History of Shalom Park
In the early 1980’s, conversations were held among members of the Charlotte Jewish community regarding the need for a common gathering place that could be the center of Jewish life for the community. There was a strong desire to create a viable community hub where children could get to know each other, share experiences and build relationships. There was also a need to provide a central location where the children could receive Jewish education, attend worship services, enjoy Jewish culture and have a place where they felt at home.
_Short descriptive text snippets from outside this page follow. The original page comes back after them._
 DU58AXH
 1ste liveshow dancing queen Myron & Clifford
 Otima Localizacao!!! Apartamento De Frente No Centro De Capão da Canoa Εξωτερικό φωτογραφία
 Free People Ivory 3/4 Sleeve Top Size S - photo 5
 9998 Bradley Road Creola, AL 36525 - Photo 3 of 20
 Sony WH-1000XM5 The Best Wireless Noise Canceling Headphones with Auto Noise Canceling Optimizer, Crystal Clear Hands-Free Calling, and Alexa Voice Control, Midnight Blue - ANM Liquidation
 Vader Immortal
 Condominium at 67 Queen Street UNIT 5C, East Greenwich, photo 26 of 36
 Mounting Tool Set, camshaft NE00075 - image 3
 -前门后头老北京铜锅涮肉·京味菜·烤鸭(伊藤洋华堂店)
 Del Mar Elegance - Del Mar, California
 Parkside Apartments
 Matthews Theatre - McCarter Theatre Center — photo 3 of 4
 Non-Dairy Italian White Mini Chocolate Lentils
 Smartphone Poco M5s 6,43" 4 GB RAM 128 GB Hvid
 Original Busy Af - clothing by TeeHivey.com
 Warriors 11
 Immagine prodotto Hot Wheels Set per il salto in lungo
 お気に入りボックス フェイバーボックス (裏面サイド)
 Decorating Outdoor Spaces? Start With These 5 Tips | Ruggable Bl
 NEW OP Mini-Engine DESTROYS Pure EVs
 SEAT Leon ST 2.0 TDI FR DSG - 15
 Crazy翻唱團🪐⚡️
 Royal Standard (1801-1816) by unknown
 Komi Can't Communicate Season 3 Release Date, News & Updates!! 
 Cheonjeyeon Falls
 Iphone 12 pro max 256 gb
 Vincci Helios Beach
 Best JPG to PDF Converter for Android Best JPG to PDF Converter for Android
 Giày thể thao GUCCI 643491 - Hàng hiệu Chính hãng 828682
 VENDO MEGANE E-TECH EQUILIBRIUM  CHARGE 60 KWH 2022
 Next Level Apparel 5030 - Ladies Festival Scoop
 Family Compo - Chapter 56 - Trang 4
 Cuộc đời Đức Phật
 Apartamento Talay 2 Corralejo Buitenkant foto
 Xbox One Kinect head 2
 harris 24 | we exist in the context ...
These discussions led to the creation of the Joint Venture Agreement, which was established at Shalom Park’s inception, and is a key element behind the success of the collaborative effort. It was critical that a workable operating framework be established that maintained individual institution autonomy and also provided oversight for the entire entity.
The structure that was established created the Foundation of Shalom Park. The
Foundation owns all the assets of the Park with the exception of the two Temple
properties, and functions as a non-programming partner, landlord, property manager and administrator for the Park.
In May of 1986, Shalom Park opened the first phase of approximately 85,000 square feet, which included the Levine JCC and the Blumenthal Jewish Education Building. In 1992, both synagogues, Temple Beth El (reform) and Temple Israel (conservative) came onto the property. Between the late 1990’s and 2009, a renovation and endowment project of over $43 million increased the space to 225,000 square feet, which included a new fitness center, a second gym, a renovated indoor pool, renovated offices, an expanded library, soccer fields, tennis facilities, aquatic facilities, a day camp, a parking deck, and the Sam Lerner Center for Cultural Arts.
Today, the 54 acre campus of Shalom Park provides a welcoming environment, not only for the local Jewish community, but for the entire Charlotte metro area as well, with an array of educational, religious, recreational, entertainment, cultural, and community service offerings. With no equivalent concept found anywhere in the nation, Shalom Park stands as a preeminent example of community-based organization cooperation.